**REQUIREMENT**
Write down exactly what lies from the line containing "Електродвигун мотор швейної машини 220 v." to the end of the records, inclusive, and omit the pictures.
[Start of Attachment]
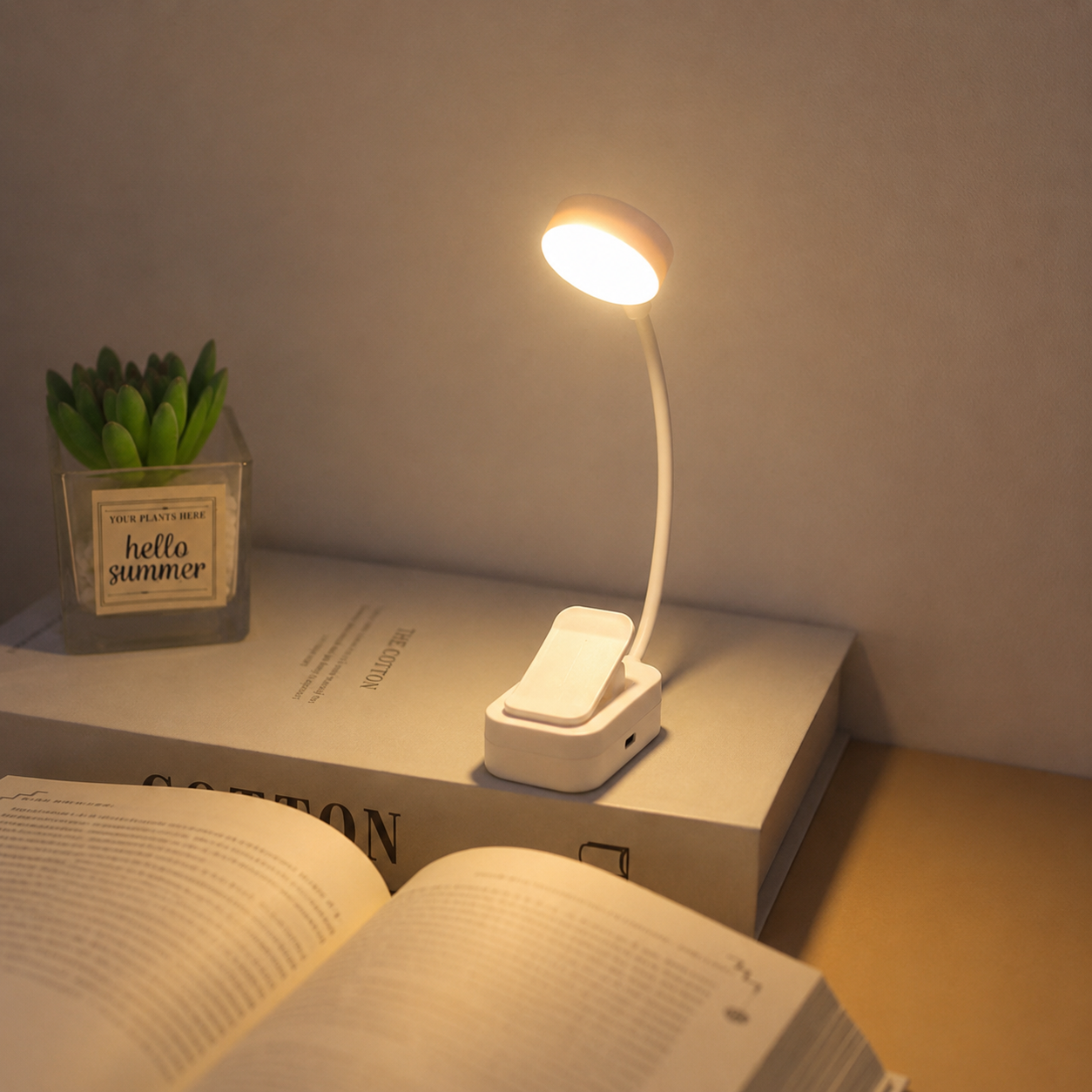 Rechargeable Clip On Reading Lamp With 4 LEDs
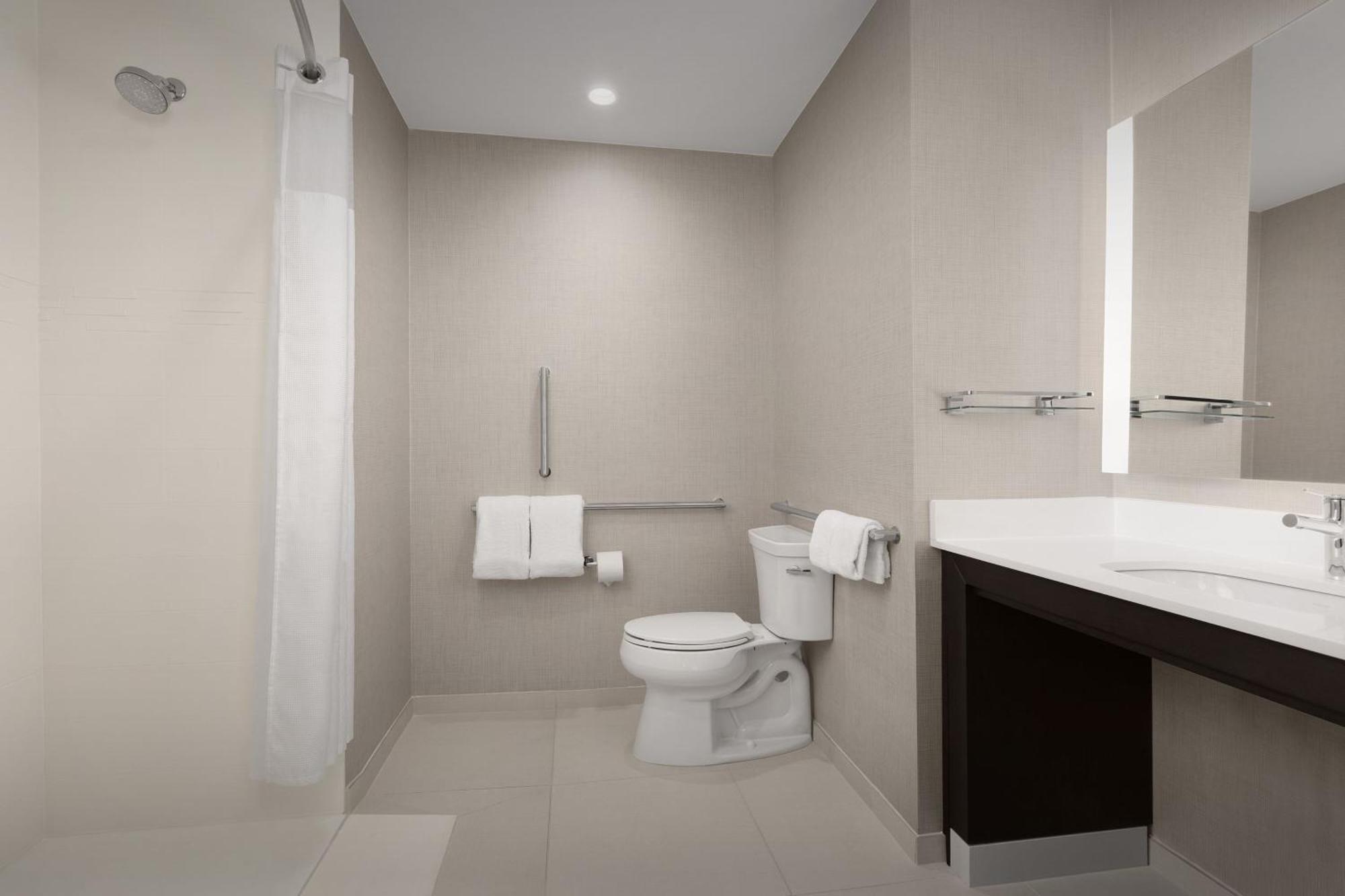 Residence Inn Kenwood Zewnętrze zdjęcie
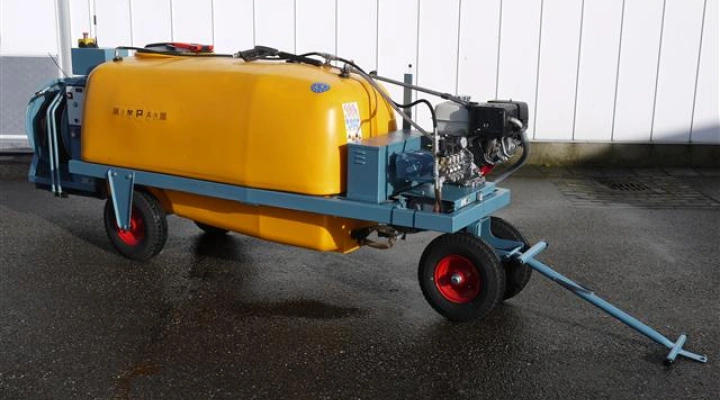 Empas hogedrukspuitwagen 2010 (5)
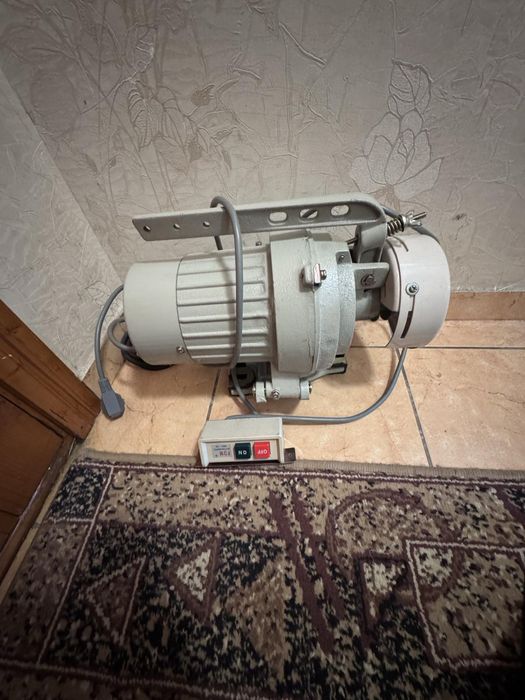 Електродвигун мотор швейної машини 220 v.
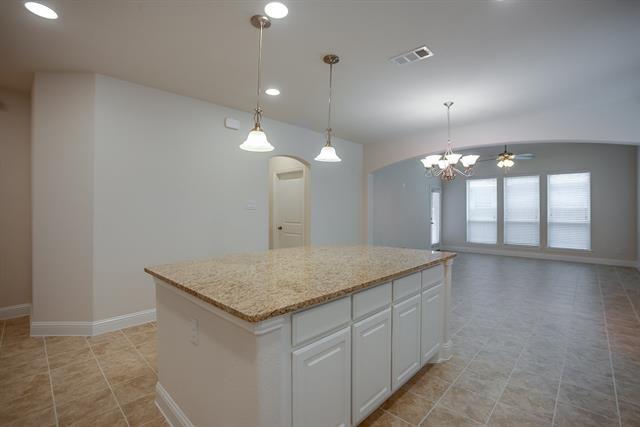 Foto del edificio - 116 Knight of Realm Blvd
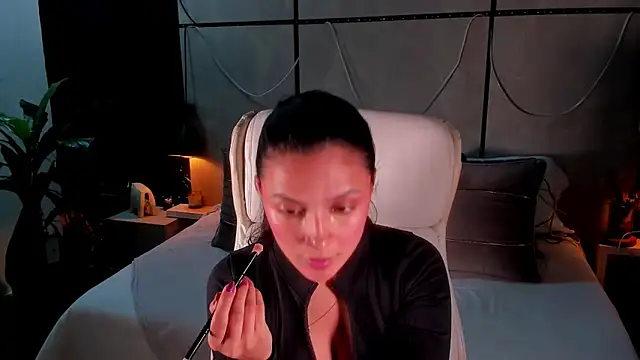 Gia Mazzon online show from 04-08-26, 03:02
[End of Attachment]
**PROBLEM SOLUTION**
 Електродвигун мотор швейної машини 220 v.
 Foto del edificio - 116 Knight of Realm Blvd
 Gia Mazzon online show from 04-08-26, 03:02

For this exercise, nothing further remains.